Ignoring the part about the cigarette, it promoted a glamorous image of a woman abroad, free from constraints, prancing around in a silky evening gown, osbensibly somewhere in Capri. The very idea of me a) wearing a silky evening gown, and b) going anywhere remotely close to Capri, was so ludicrous, that we all laughed our heads off.
But sometimes we do get what we wish for. Roll on twenty years or so, and would you believe, hubby won a random prize draw. The prize? A holiday for two on Italy’s Amalfi Coast. Ever closer to Capri. Must be a scam, we thought. But it wasn’t. We took the holiday in July and have the pics to prove it.
The prize came with a hire car. Great. So far so good as hubby drove out of Naples airport and hit the open road and after Salerno, we entered the famed Amalfi coastal road, otherwise known as Amalfi Drive. With the Tyrrhenian Sea on one side, it clings to an open cliff face on the other, climbing ever higher on a narrow, one lane road with back-to-back hairpins for approximately 80 km (50 miles) to Positano. Buses, motorcycles and local drivers thinking nothing of overtaking on blind turns.
It took an hour to so to reach our hotel in Minori, some 20 km along, and after that, the car stayed in the hotel’s garage until our return journey. Hair-raising, but the views are spectacular, even if snapped from a moving car:
And then we took a boat trip across the Bay of Naples to the island of Capri. With clear blue skies and sea to match, we set out early in the morning for an hour and a half giving us fantastic views of Amalfi and Positano from the water:
And we got a great view of the beautiful coastline dotted with coves and beaches and one of Sophia Loren’s villas.

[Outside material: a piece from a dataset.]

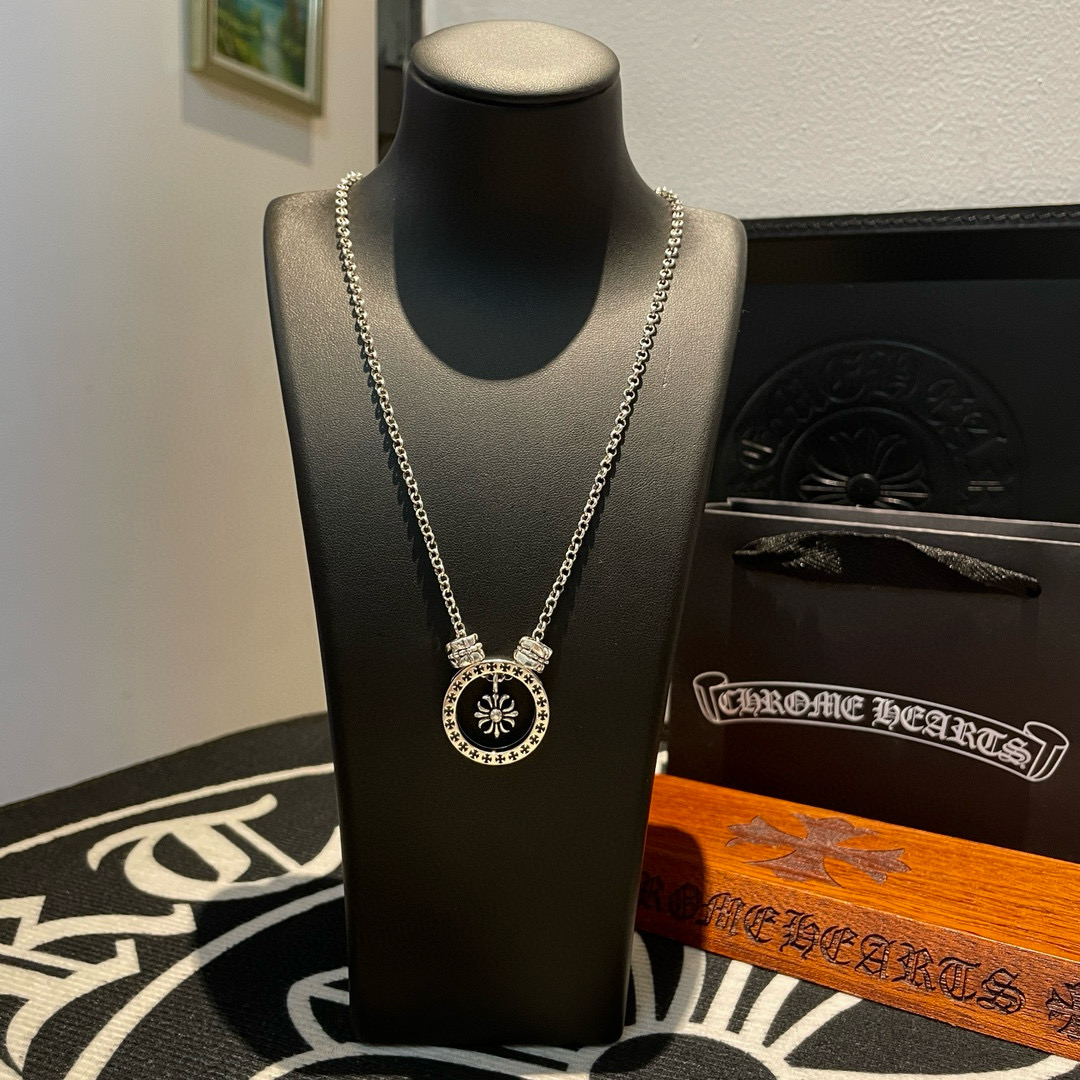  新款【专柜品质】Chrome Hearts克罗心经典复古十字架圆环项链，凹凸造型不同的花纹设计风格 呈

Designer shops line the path up to the top, cut into the rugged cliff side. Needless to say, it is not cheap in Capri. Being Brits, we sought out a cafe for shade and a cup of tea, at a cost of 15 euros (not far off fifteen pounds) for two cups of tea and a bottle of water. I watched valets haul luggage from arriving guests to a 5-star hotel and for a moment, imagined myself swanning around in one of their finest rooms wearing a silky evening gown…
The prize also gave us a meal at a 5 star restaurant. Perched high on a cliff side above a cove filled with millionaire yachts, we wined and dined in a setting so luxurious that I didn’t dare take any photos. Frankly, I was grateful to have survived the taxi ride there, a thirty minute drive hurtling us further along the Amalfi coastal road with a 70’s Al Pacino lookalike at the wheel, down to the pin stripe suit and gold medallion.
He chatted in Italian all the way, except for the repeated mention of Chaka Chan while fiddling with the radio, as he couldn’t get a good signal. And then, for no apparant reason, he stopped the car. He got out to check something in the back, leaving me and hubby in the back seat to wonder what he was looking for. His Chaka Chan CD? His lunch? A body? Worse? Maybe I’ve watched The Sopranos too many times, but although the sea sparkled far below us, I hoped we weren’t about to swim with the fishes.
The ride back later on had him stopping on the way to introduce us to various restaurant owners. And wouldn’t you know it, his radio got a signal, only to play the theme song from ‘The Godfather’.
The drive back to Naples airport one week later, took us far away from Amalfi Drive and past Mount Vesuvius, a still active volcano to this day. Hopefully it won’t erupt again any time soon.
A holiday to remember for all its twists and turns, and what a prize. Thank you, Classic FM!
As for Capri, did it live up to my dream? If I were rich, maybe. If we had gone out of season without the throng of people and not so incredibly hot and humid, more likely. But, although I am thrilled to have visited, I think, perhaps, of other places where I would rather slink around in an evening gown. Funny how we change.